Additionally, Intelligent Environments’ research reveals that nearly four in 10 (38 per cent) parents choose not to give their children any pocket money, instead preferring to transfer the funds into a savings account in their children’s name.  However, despite an increasingly digitally-native generation of youngsters, as well as parents’ clear desire to immerse children in personal financial management from a young age, just two UK high street banks provide current accounts for children under the age of 11. HSBC and NatWest’s youth accounts cater for children aged seven upwards but there are currently no providers for the under sevens. As a result, Intelligent Environments is now calling on banks to lower the minimum ages on digital bank accounts and provide bespoke online services to help teach children how to manage their money.

David Webber, managing director at Intelligent Environments, says: “There’s a terrific clip on YouTube of a baby trying to use a magazine as an iPad. Truly evidence of digital engagement at a young age. Nothing has changed more than the way in which we manage our money; our research shows that in a world of apps, e-books, digital music, and online games, more children than ever are asking for their weekly allowance digitally to fuel modern-day spending such as in-app purchases, in-game currency and digital music downloads.
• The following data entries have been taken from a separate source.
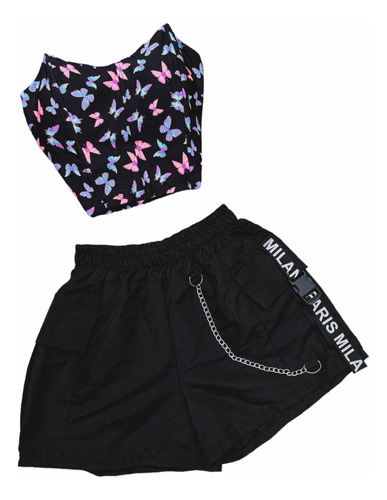 Conjunto Short Cargo Negro Con Cadena Y Top Corset Lycra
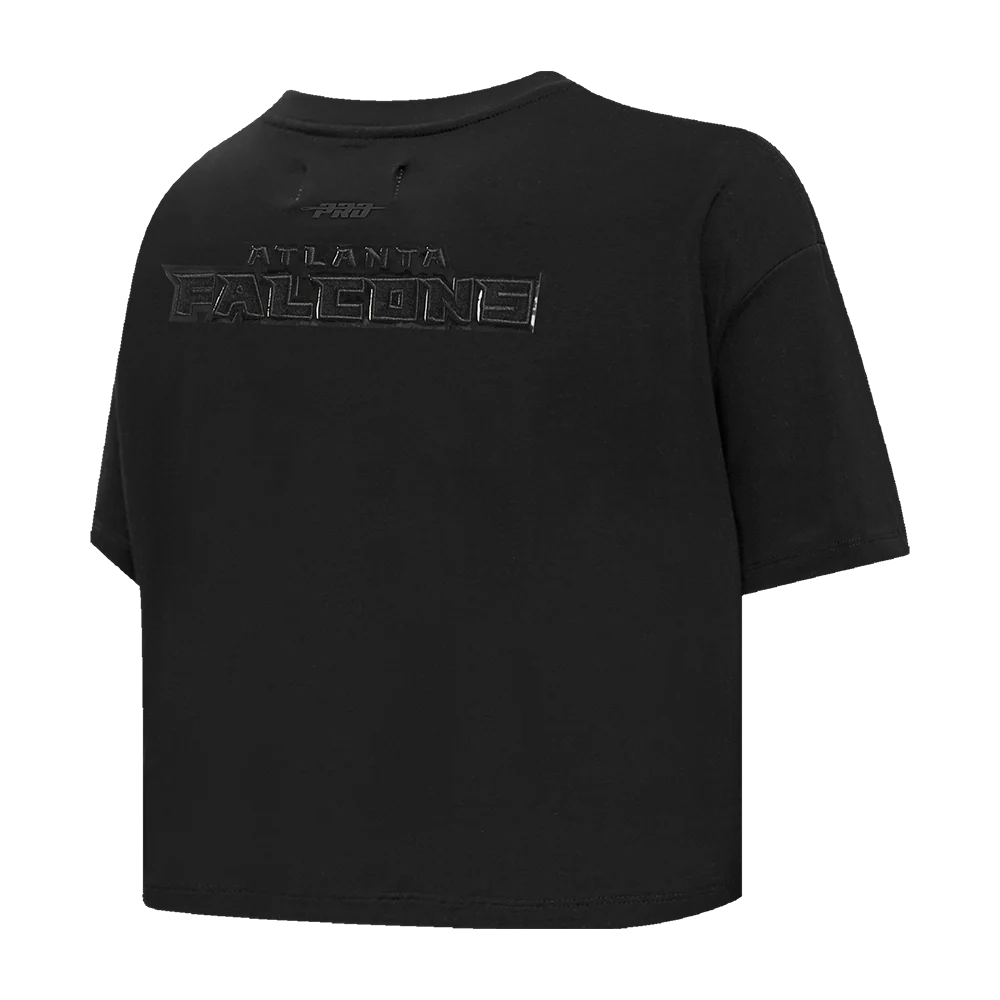 NFL ATLANTA FALCONS TRIPLE BLACK WOMEN'S SINGLE JERSEY BOXY TEE (TRIPLE BLACK) - Image 4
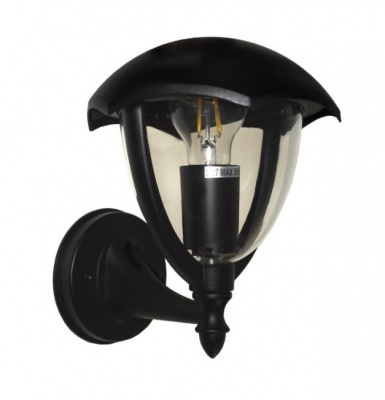 Santigo  melna  E27  fasādes  armatūra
“In addition, we at Intelligent Environments believe that in an increasingly cashless society, more should be done by banks to give young children access to digital personal financial management tools. We share parents’ views that learning the power of spending and the value of saving from a young age provides children with valuable life skills that will take them far. Banks should be appealing to the younger generation by providing access to current accounts for the under sevens, let alone waiting until they are 11 years old, while digital financial management tools can help children understand and appreciate the value of money at a crucial early age.”

CASE STUDY: Gary Monaghan is 42 years old, works in the advertising industry, and lives in North London with his wife and two children. He gives his son Noah (10 years old) and daughter Lola (14 years old) pocket money digitally as he believes this ensures a balance between them buying things they want and things that are good for them. Gary says: “I give my son Noah pocket money by topping up his Xbox account, while my daughter Lola gets money put on her iTunes account to buy music. They don’t really ask for toys, sweets and football sticker books the way I used to – what they really want is all online these days. Noah uses his credit to buy new games or spend it on in-game purchases in his favourite games, and Lola uses the top-up to buy the music she loves.

“Don’t get me wrong, my children still have to earn their pocket money by doing chores such as unloading the dishwasher and hoovering the stairs, in the same way I had to earn my allowance. But the way in which I give Noah and Lola their money, what they are spending it on and also how much I give them has changed drastically. I used to be given £2 a week in coins, whereas my kids now get certain amounts of money for varying tasks transferred digitally to use on the things they want to use the money on. If they don’t do any chores in a given week, my wife and I transfer money to a savings account in their name, which they’ll be able to access at a later date.

“These sorts of digital transactions help my kids understand the value of money, something I wish I had been taught at a young age. Banks should be providing access to tools to help children learn the power of spending and saving while they’re as young as possible. I’m now in the process of setting them up with their own digital bank accounts to help teach them about financial management, but there’s so much more that can be done on the issue.”